[Crawled caption data]
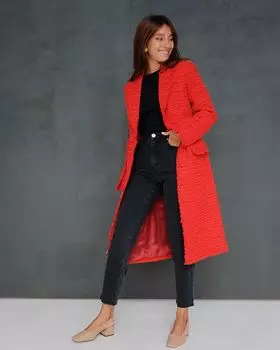 Удлиненный жакет из твида букле (S)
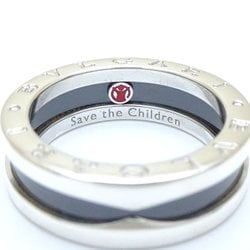 BVLGARI Save the Children B.zero1 Ring #55 XS 1 Band 346109 Silver 925 x Black Ceramic 292449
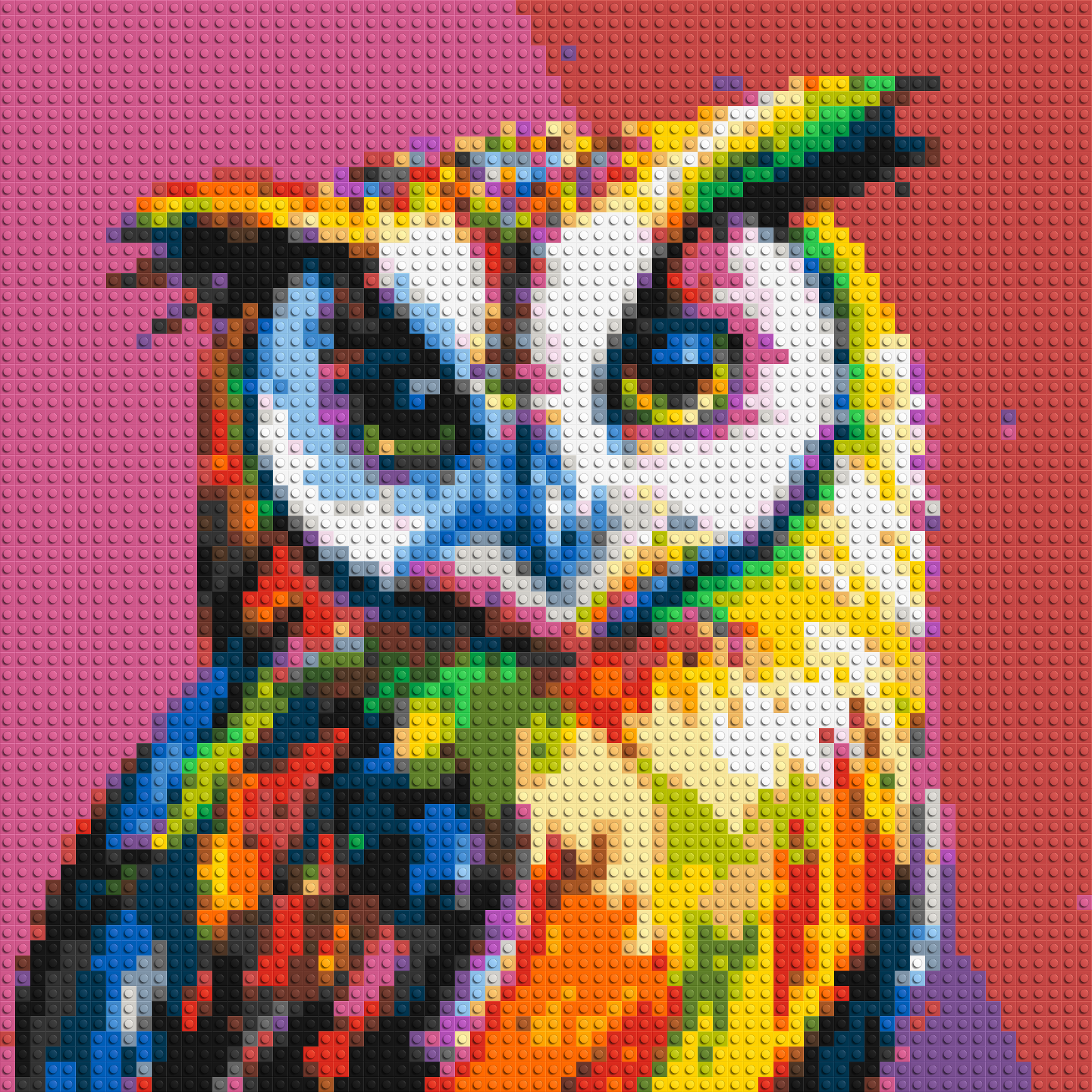 Owl Colourful Pop Art - Brick Art Mosaic Kit 3x3 large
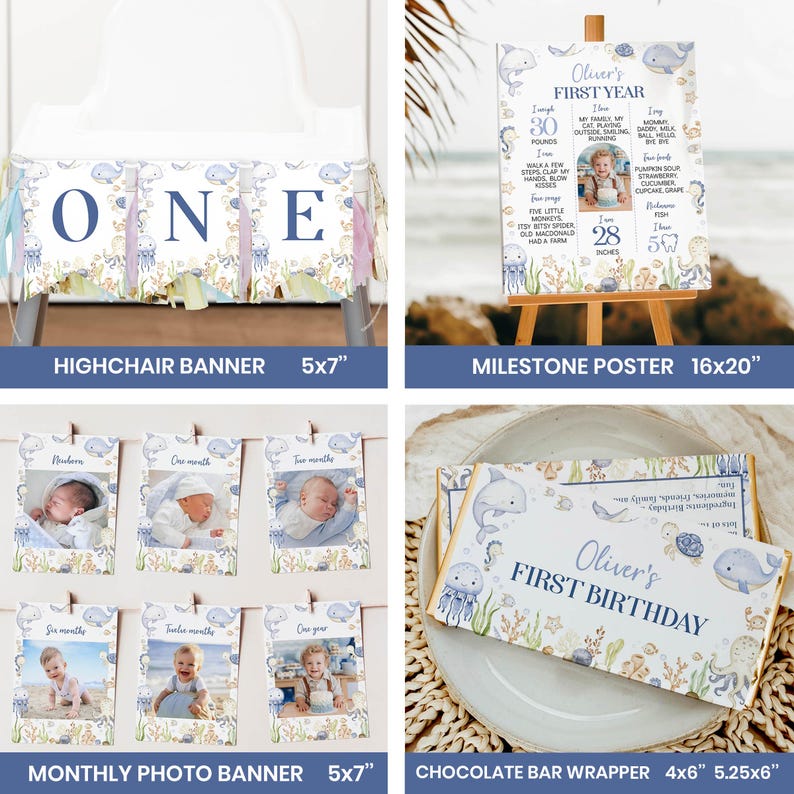 Puede incluir: Un conjunto de art&iacute;culos de fiesta con tem&aacute;tica oce&aacute;nica para un primer cumplea&ntilde;os, que incluye una pancarta para trona, un p&oacute;ster de hitos de 40,6x50,8 cm, una pancarta de fotos mensual de 12,7x17,8 cm y un envoltorio de chocolate de 10,2x13,3 cm.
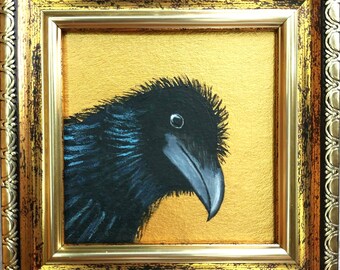 Crow Oil Painting, Raven Art, Small Gold Frame Blackbird Artwork, Gothic Dark Home Decor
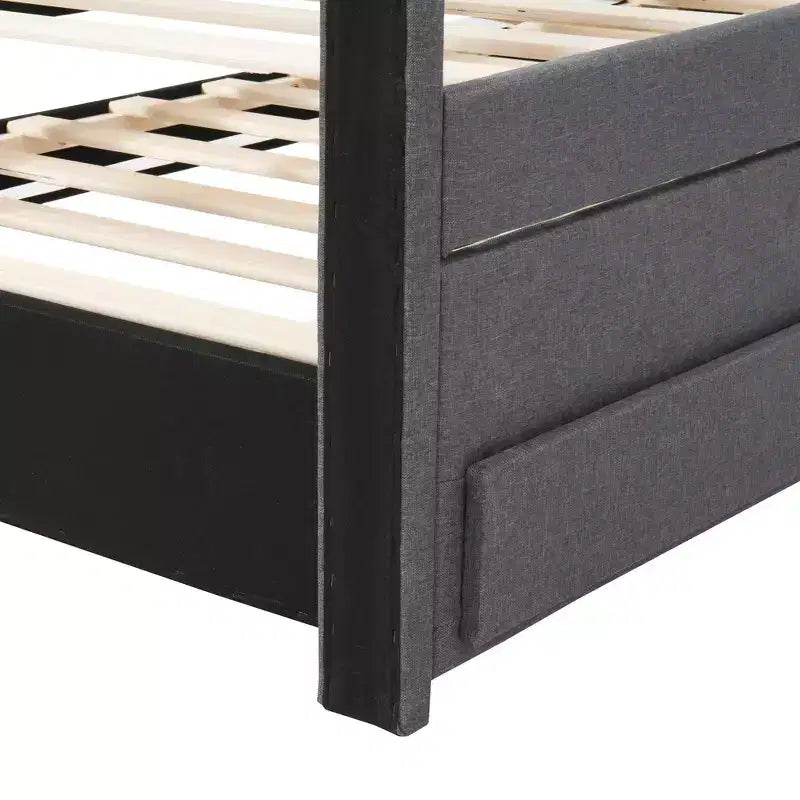 Lit Plateforme Double/Complet, Cadre de Lit Capitonne en Bois avec Lit Gigogne Jumeau et 3 Tiroirs - ModernLuxe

Task brief ▸
The copy must include every record exactly and none of the pictures.

The completed task ▸
 Удлиненный жакет из твида букле (S)
 BVLGARI Save the Children B.zero1 Ring #55 XS 1 Band 346109 Silver 925 x Black Ceramic 292449
 Owl Colourful Pop Art - Brick Art Mosaic Kit 3x3 large
 Puede incluir: Un conjunto de art&iacute;culos de fiesta con tem&aacute;tica oce&aacute;nica para un primer cumplea&ntilde;os, que incluye una pancarta para trona, un p&oacute;ster de hitos de 40,6x50,8 cm, una pancarta de fotos mensual de 12,7x17,8 cm y un envoltorio de chocolate de 10,2x13,3 cm.
 Crow Oil Painting, Raven Art, Small Gold Frame Blackbird Artwork, Gothic Dark Home Decor
 Lit Plateforme Double/Complet, Cadre de Lit Capitonne en Bois avec Lit Gigogne Jumeau et 3 Tiroirs - ModernLuxe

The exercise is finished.